Transcribe only the lines from the one containing "Toyota Aygo 1.0 12V VVT-i 5 porte Sol" through the final line of the entries below, exactly, and exclude the pictures.

*** Opening RECORDS ***

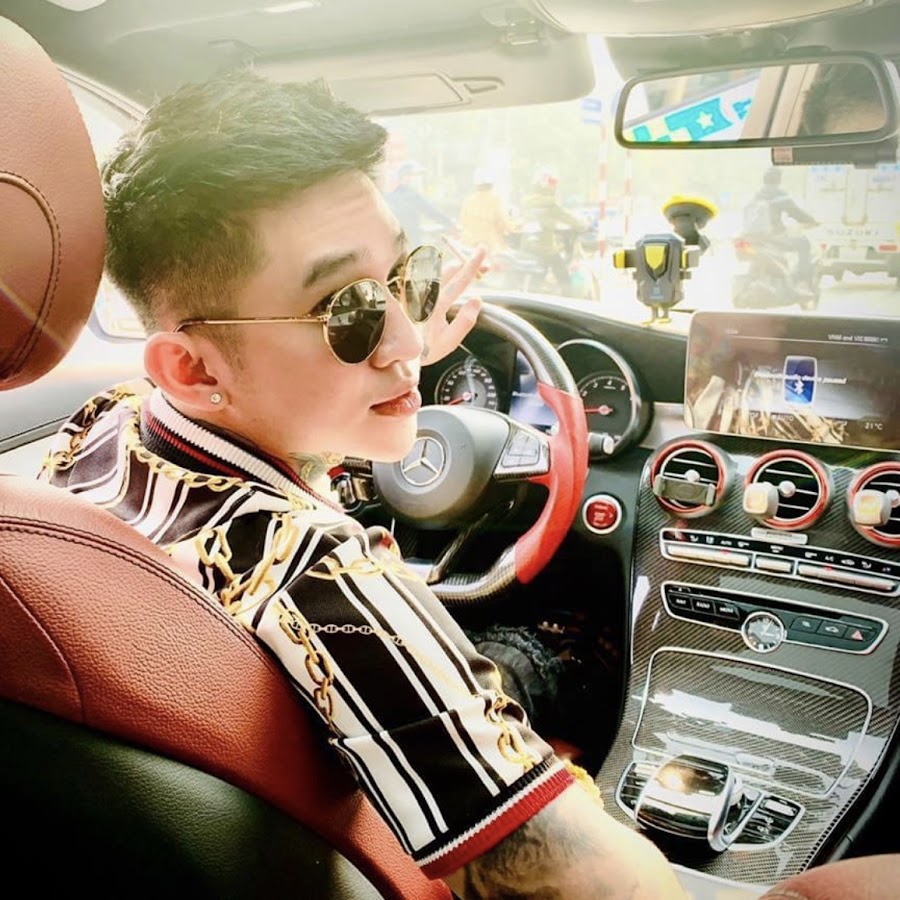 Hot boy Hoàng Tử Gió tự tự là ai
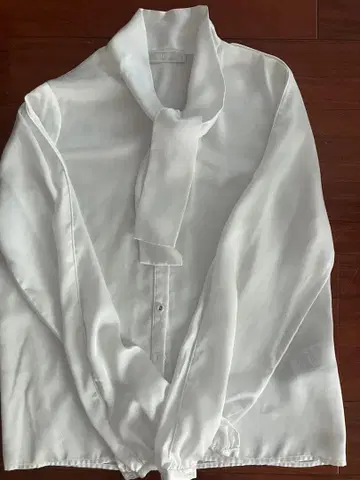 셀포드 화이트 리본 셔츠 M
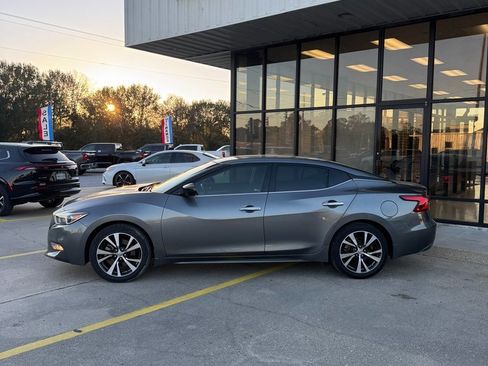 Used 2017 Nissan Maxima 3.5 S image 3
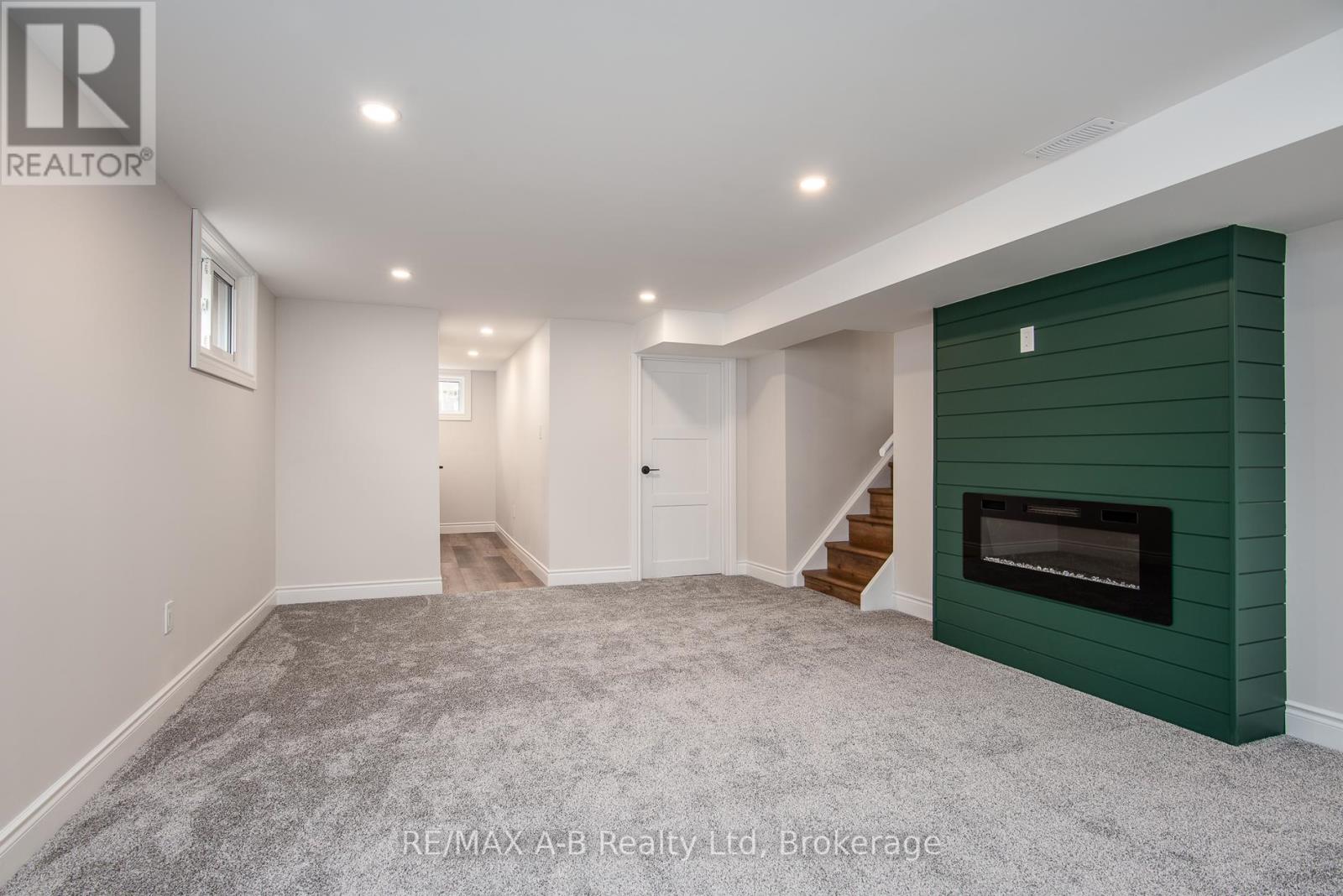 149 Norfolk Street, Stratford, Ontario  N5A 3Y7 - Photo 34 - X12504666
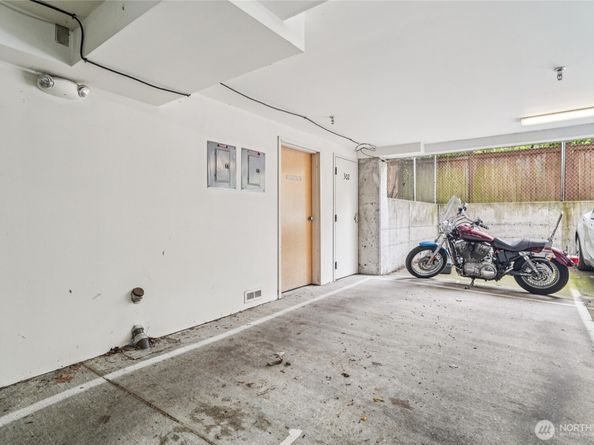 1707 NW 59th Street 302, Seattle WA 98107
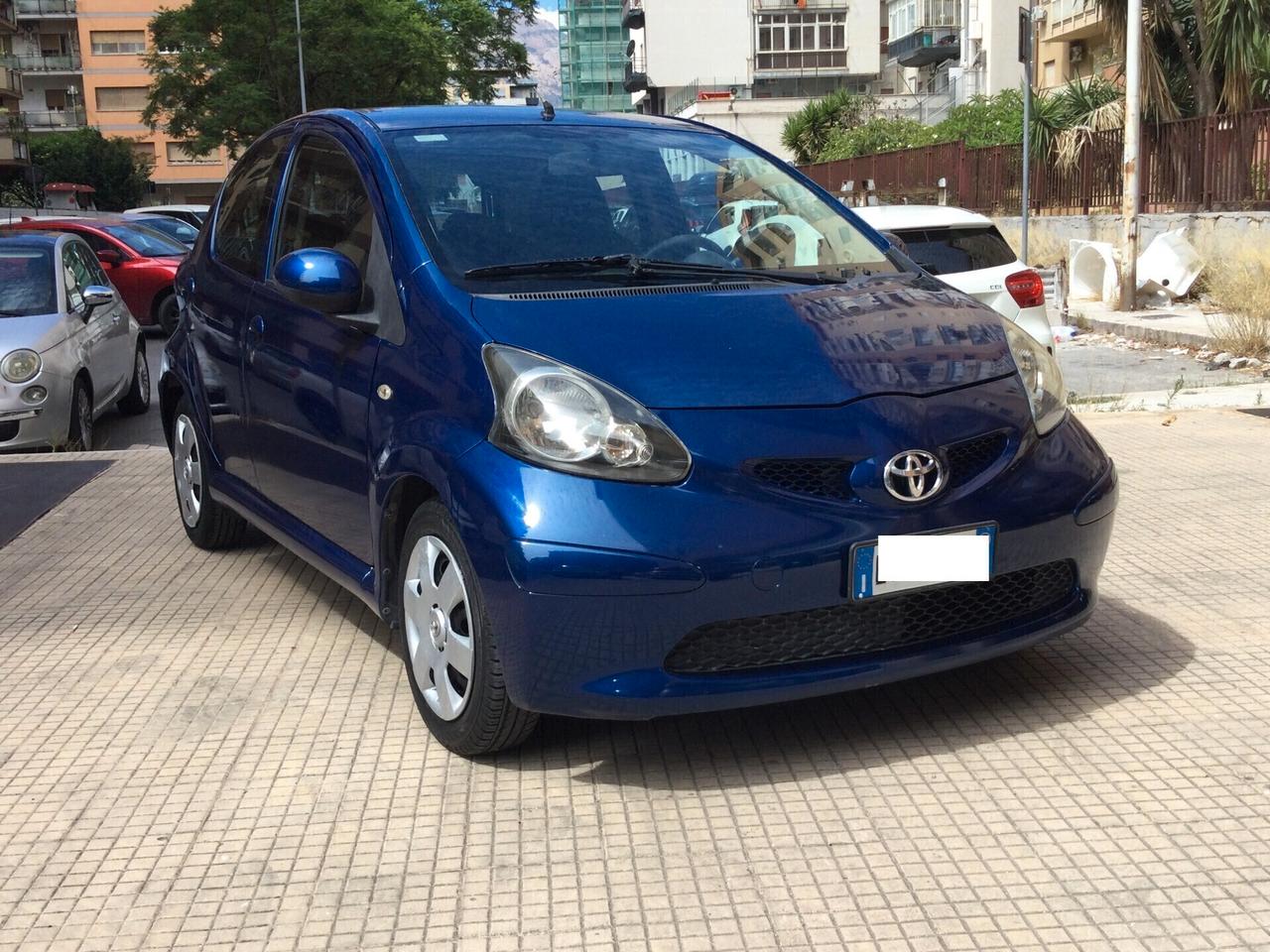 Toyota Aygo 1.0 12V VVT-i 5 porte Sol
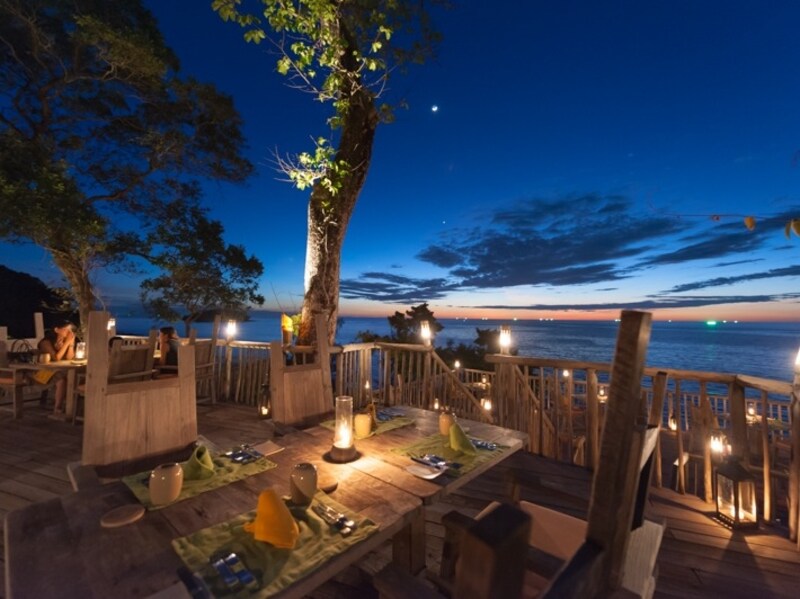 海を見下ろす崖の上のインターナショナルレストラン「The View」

*** Closing RECORDS ***

RESPONSE AREA
 Toyota Aygo 1.0 12V VVT-i 5 porte Sol
 海を見下ろす崖の上のインターナショナルレストラン「The View」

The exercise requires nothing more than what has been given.